On June 9, 2014, the U.S. Supreme Court issued a decision that affects many immigrants who are waiting on a visa to become available to them.  The decision, Scialabba v. Cuellar De Osorio, deals with the Child Status Protection Act (CSPA).  The CSPA is a law that is meant to protect certain children who are waiting for immigrant visas to become available. If a child who is the principle beneficiary of a visa petition reaches the age of 21 while the child is waiting for the visa to become available, that child will generally be able to keep his original “priority date” even after he turns 21.  In the language of immigration benefits, a beneficiary’s “priority date” is generally the date an immigration petition was filed on his behalf—it is essentially the beneficiary’s place in line in the wait for an immigrant visa.  So the CSPA’s protection of a beneficiary’s priority date allows children who reach the age of 21 to keep their places in line.

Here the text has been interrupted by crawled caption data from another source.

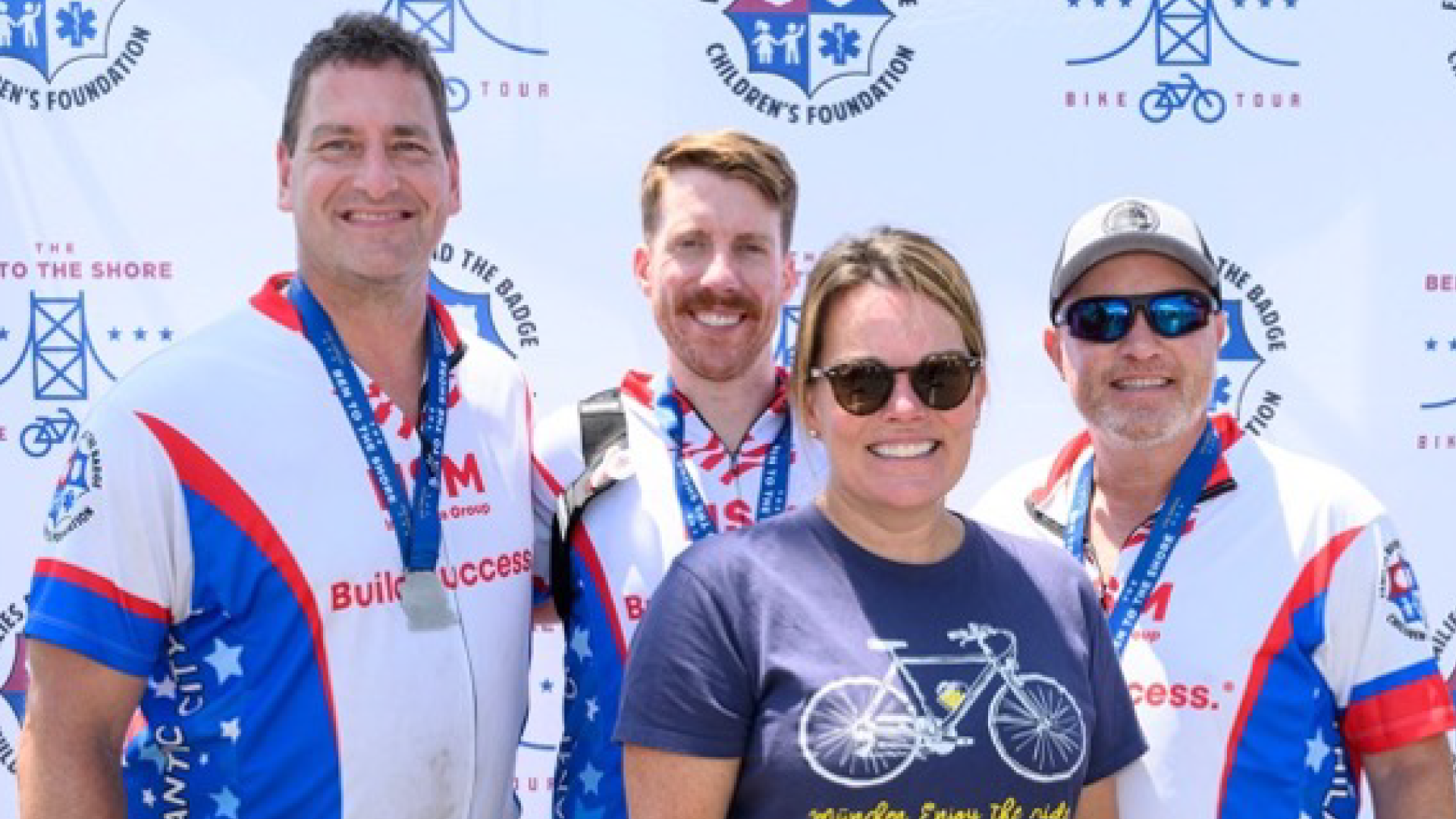 NSM Riders and Volunteers posing at Ben to the Shore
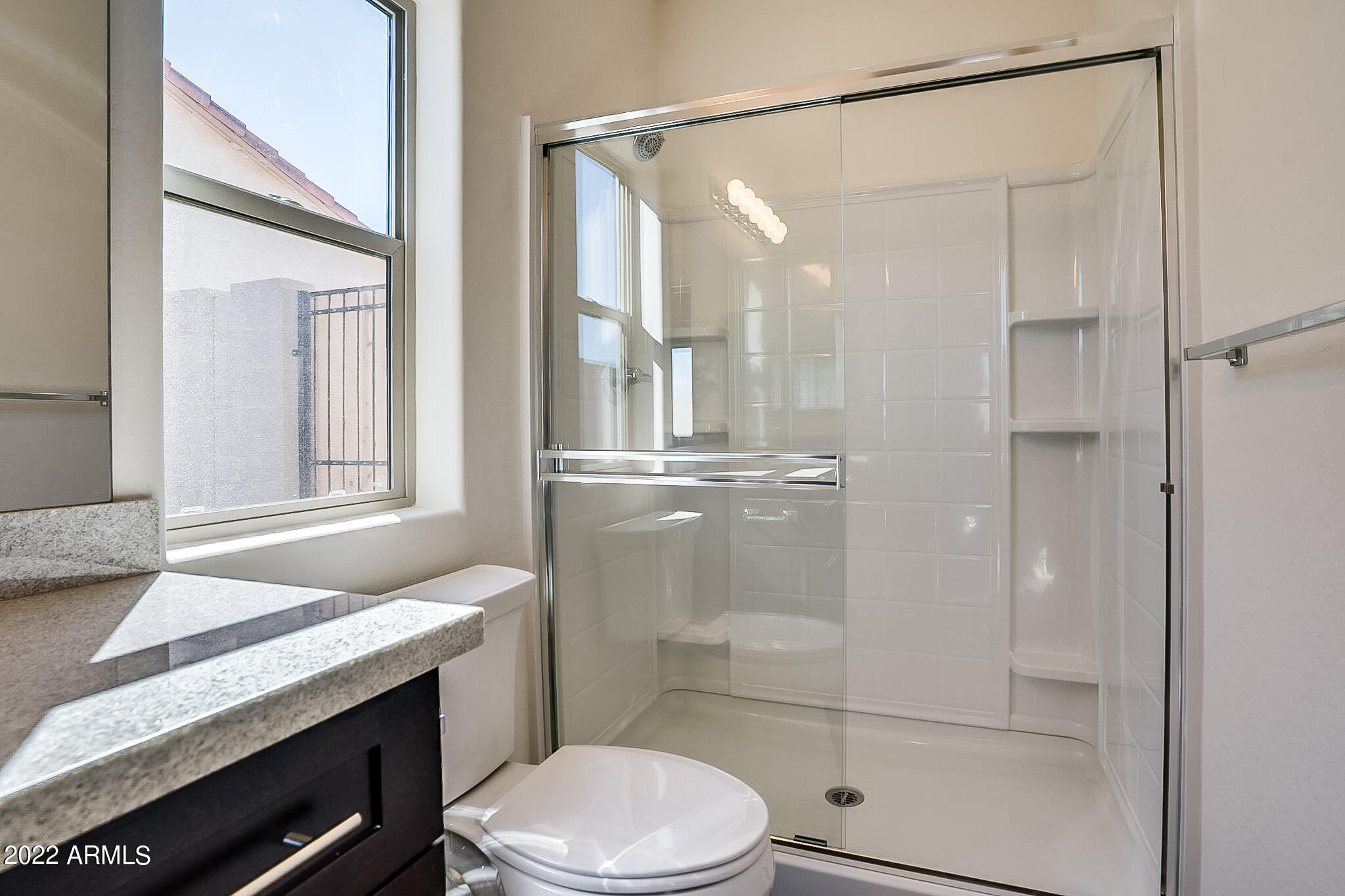 15 Reflection Canyon Drive Page, AZ 86040 - Photo 9 of 16 a bathroom with a granite countertop sink toilet and shower
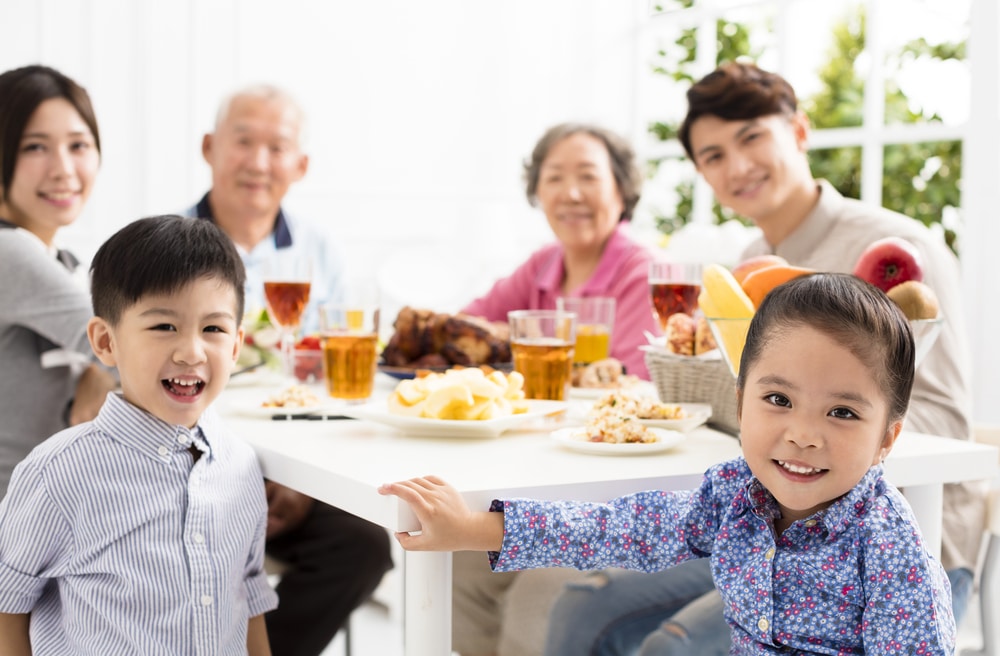 chinese family sitting around table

The question in Scialabba v. Cuellar De Osorio is whether the CSPA applies to children who are derivative beneficiaries rather than principle beneficiaries.  Derivative beneficiaries are immigrants who are piggy-backing on someone else’s immigration application.  For example, if a U.S. citizen files a petition for his brother to come to the United States, the brother’s children might be able to enter the U.S. following the visa approval as derivative beneficiaries.

Ultimately, the Supreme Court decided in this case that the CSPA applies only to principle beneficiaries, not derivative beneficiaries.  In coming to this decision, the Supreme Court relied on a decision known as ChevronChevron essentially states that if a federal statute is ambiguous, the courts will defer to the agency that promulgates law in the area to construe the meaning of the statute.

In the context of immigration law, the agency that promulgates law is known as the Board of Immigration Appeals (BIA).  In this case, the BIA determined that the CSPA applies only to principle, and not derivative, beneficiaries.  Since the Supreme Court determined that the statute was ambiguous, the court found it appropriate to defer to the BIA’s interpretation.  This is the reason that the case was decided as it was.  It is unfortunate, however, because now many derivative beneficiaries will “age out” (turn 21) and no longer be able to keep the original priority dates on their immigration petitions.